“Spirals are a plea. Today I am No. 1 personality... tomorrow, I am No. 2. They are a plea to be accepted with many different moods... a plea for love.”
—Louise Bourgeois Within Louise Bourgeois’s overall investigation of abstract motifs, the spiral holds a distinct place, recurring across her oeuvre. The spiral manifests in segmented wood sculptures of the 1950s, a plaster, tomb-like mound from the 1960s, a hanging bronze sculpture in the 1980s, and in a 1990 performance piece She Lost It, in which Bourgeois wrapped and unwrapped performers in a spiraling gauze banner measuring nearly 200 feet long.
Bourgeois’ earliest encounter with the spiral form occurred in childhood, watching workers in her family’s tapestry restoration business wash tapestries in the river then fiercely wring them out, a memory Bourgeois has described as morphing into a visually parallel fantasy of wringing the neck of someone she despised. The spiral continued to function as a visual metaphor for a range of Bourgeois’ varying emotions across her life and the strategy she evolved to be tolerated, accepted and loved despite her oscillating moods.

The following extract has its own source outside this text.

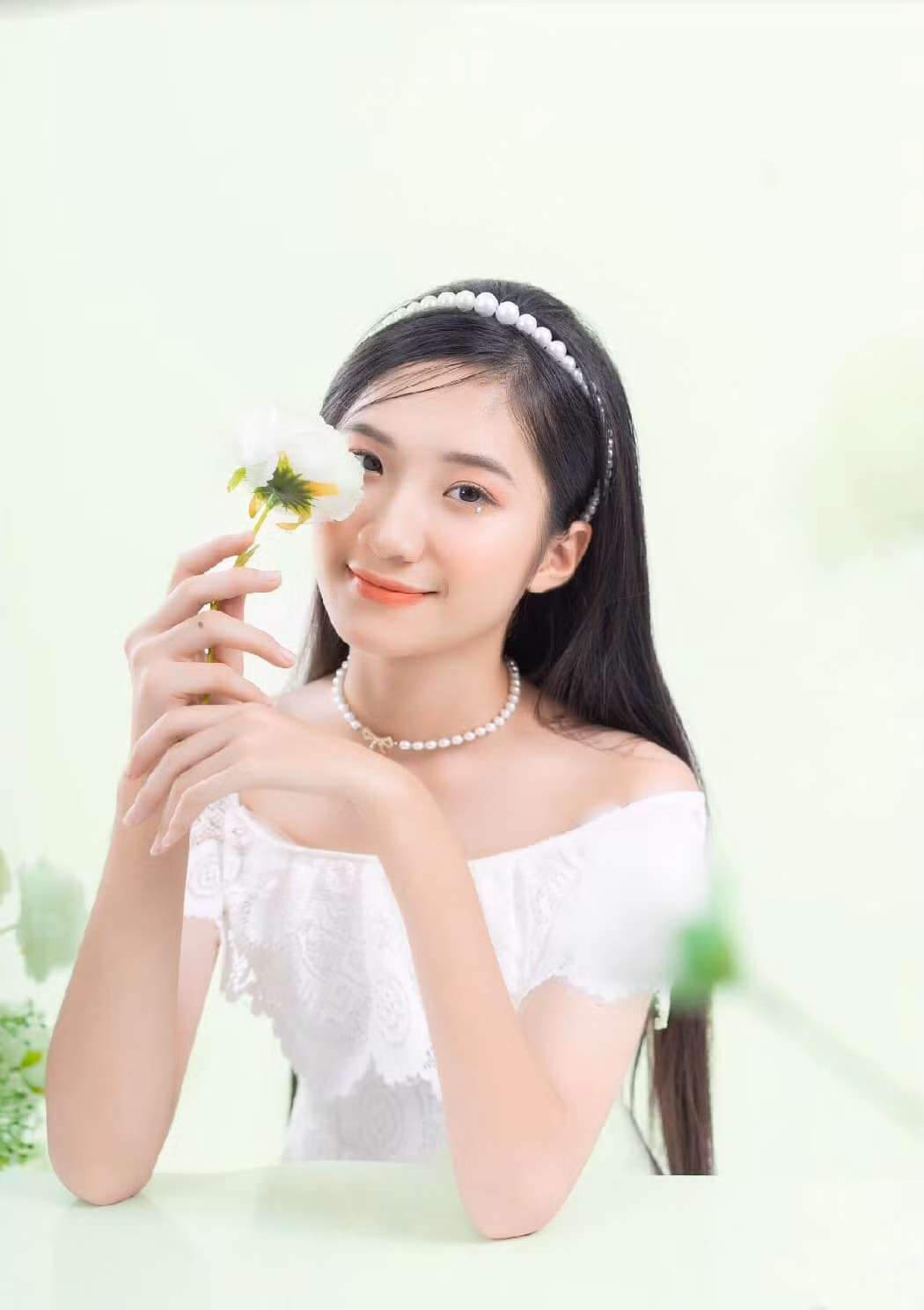 Ngọc Anh sở hữu đường nét gương mặt xinh xắn, nhẹ nhàng trong trẻo.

“The spiral is an attempt at controlling the chaos.”
—Louise Bourgeois
Bourgeois stressed the spiral’s two opposing directions: inward and outward. The outward movement represented “giving, and giving up control, trust and positive energy….” While the winding in of the spiral embodied “a tightening, a retreating, a compacting to the point of disappearance.” She said, “You can get twisted and strangled by your emotions.” Always reflecting her volatile temperament, Bourgeois’s spirals are endlessly variable—as coils of tension, protective cocoons, and even entrapping spider webs.